L'Allemagne, premier pays consommateur européen d'asperges - les Allemands consomment trois fois plus d'asperges que les Français, qui en avalent en moyenne 0,84 kilo chaque année - a développé de manière spectaculaire la culture de ce légume de la famille des liliacées (oignon, poireau, ail) en 20 ans. Ses achats en France se sont élevés l'an dernier à 424 tonnes contre 1.127 tonnes deux ans plus tôt.
Les exportations allemandes vers la Suisse ont également fait du tort aux maraîchers français qui ont vu leurs ventes vers ce pays tomber à 2.900 tonnes l'an dernier contre 4.628 tonnes deux ans plus tôt. "Cette année, la campagne en France ne sera pas fameuse en raison des conditions climatiques, le début du printemps ayant été très frais.
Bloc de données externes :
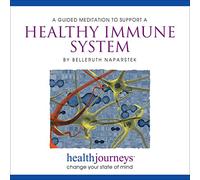 Meditations for a Healthy Immune System, Strengthen and Balance your Immune System with Healing Words and Soothing Music by Belleruth Naparstek from Health Journeys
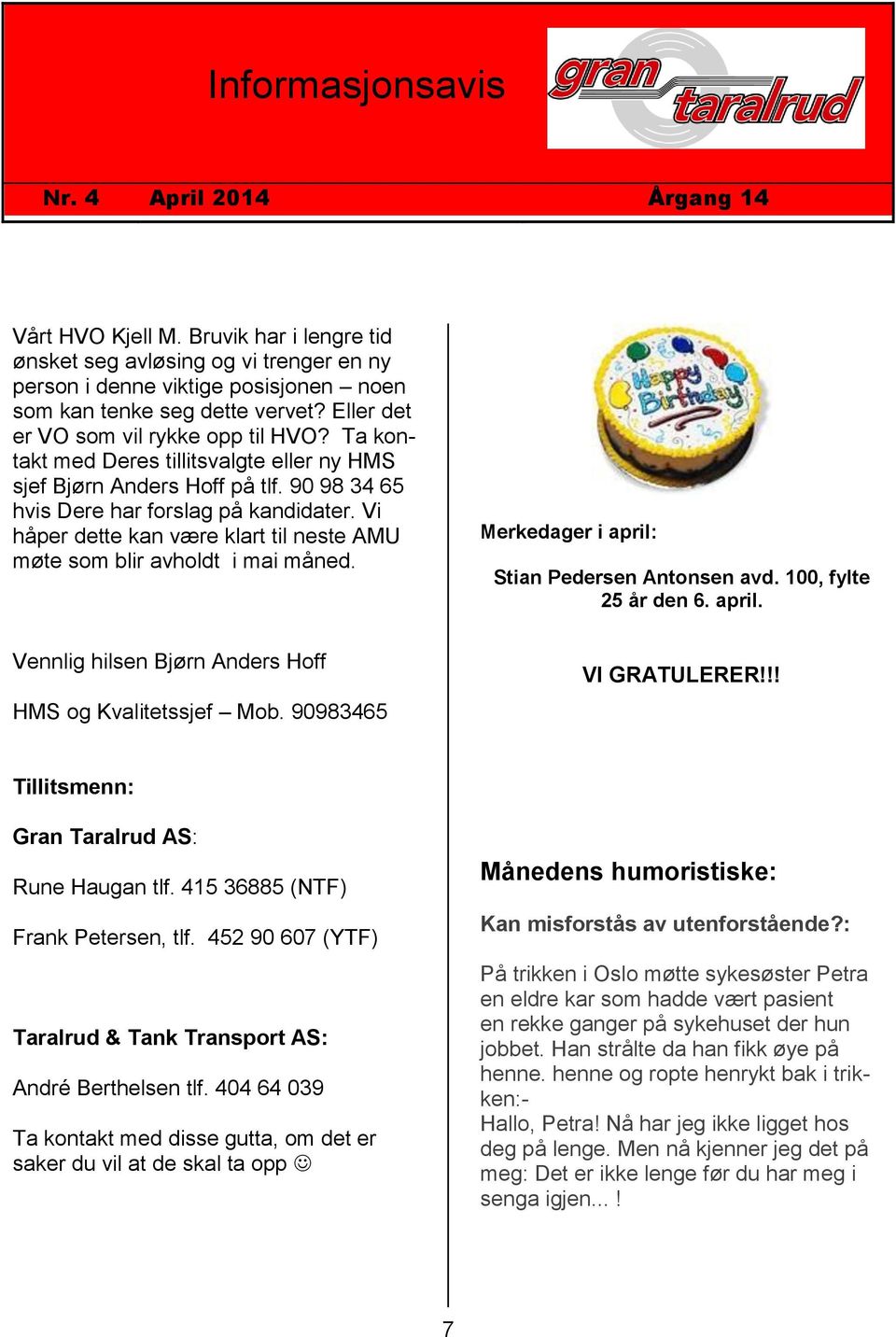 Vi håper dette kan være klart til neste AMU møte som blir avholdt i mai måned. Merkedager i april: Stian Pedersen Antonsen avd. 100, fylte 25 år den 6. april. Vennlig hilsen Bjørn Anders Hoff HMS og Kvalitetssjef Mob.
Les premières asperges sont arrivées sur les marchés avec trois semaines de retard, c'est-à-dire vers la fin mars. En revanche la production allemande va atteindre son summum cette année", précise M. Chiron. L'asperge est cultivée principalement dans trois régions en France: dans le Sud-Est avec l'an dernier une production de 7.000 tonnes contre 8.888 deux ans plus tôt, suivi par le Sud-Ouest (les Landes) avec 5.673 tonnes en 2004 (7.420 en 2002) et le Val-de-Loire (4.114 tonnes en 2004, soit une production quasi stable sur deux ans).
Quelque 90% des asperges françaises sont blanches ou violettes et 10% vertes. Les blanches et les violettes poussent sous une butte de terre à la température idéale de 11 degrés, tandis que les vertes mûrissent à l'air libre. Comme le textile, les jouets ou les parapluies, les asperges européennes subissent la formidable concurrence de la Chine, premier producteur mondial du légume (83% du marché mondial) qui, avec ses conserves, inonde le monde. "Il n'y a pratiquement plus de conserves françaises d'asperges", déplore M. Chiron.